Gemericik air sungai di tepi sawah menjadi hiburan gratis bagi Bagas dan Galuh yang tengah asyik menghabiskan waktu bersama. Di atas tanah yang ditutupi koran, mereka menikmati keindahan alam yang begitu menyejukkan. Cuaca kala itu memang cukup cerah meski matahari masih bersembunyi di balik awan.

Ikan-ikan kecil berenang di sepanjang sungai yang tampak jernih. Gerakannya yang lincah menggelitik hati Bagas untuk mencemplungkan tangan dan kakinya ke dalam air. Sementara itu, Galuh tengah berbaring dengan kepala berbantal tas yang ia bawa. Di dalamnya terdapat buah mangga pemberian Kang Ujang dan beberapa buku cerita yang dipinjamnya dari perpustakaan sekolah, termasuk buku terjemahan berjudul “Lima Sekawan” karangan Enid Blyton yang sedang ia baca.
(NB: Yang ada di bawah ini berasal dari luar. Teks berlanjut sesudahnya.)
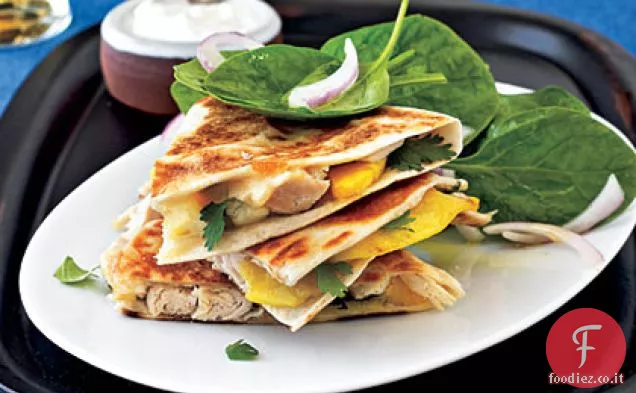 Pepe Jack, pollo, e pesca Quesadillas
“Jika besar nanti kamu ingin menjadi apa, Luh?” tanya Bagas tanpa mengalihkan pandangannya dari hewan bersisik yang berhasil ia tangkap.

“Guru.”

“Seperti Pak Bagiyo?”

“Hm, kelak aku juga akan mengayuh sepeda untuk pergi mengajar seperti beliau.”

Bagas tersenyum, membuat lesung pipinya semakin kentara. “Aku yakin kamu bisa meraih cita-citamu itu, Luh.”

“Semoga, Gas. Semoga aku bisa mewujudkannya. Kamu sendiri gimana?”

“Aku?” sela bocah penyayang binatang itu. “Aku ingin menjadi dokter, Luh. Tapi ….”

“Tapi apa?”

“Apa mungkin?”

Mendengar pertanyaan tersebut, sontak Galuh menghentikan aktivitasnya untuk membaca. Ditutupnya buku yang ia pegang itu, lantas duduk menjajari sahabatnya.

“Kamu abis kejedot pintu, ya?”

“Aku serius, Luh. Dengan keadaan Bapak yang sering sakit-sakitan, apa mungkin—”

“Payah,” potong Galuh. “Sejak kapan kamu jadi seperti ini? Memangnya kamu sudah lupa dengan ucapan Pak Bagiyo. Bagaimanapun keadaannya, kita semua boleh memiliki cita-cita. Iya, toh?”

“Hm.”

“O ya, gimana tabunganmu?”

“Alhamdulillah, sudah lumayan banyak. Kamu?”

“Sama, punyaku juga udah banyak. Jadi kalau sudah lulus nanti, kita akan mendaftar di sekolah yang sama, kan? Aku sudah bilang sama Bapak-Ibu, dan alhamdulillah mereka ngizinin.”

“Bagus deh, kalau gitu.”

“Janji ya, Gas. Waktu mendaftar nanti kita berangkat sama-sama.”

“Apa?”

“Aku bilang—”

“Bukan kamu, Luh. Tuh, Kang Ujang manggil kita. Ada apa, Kang?”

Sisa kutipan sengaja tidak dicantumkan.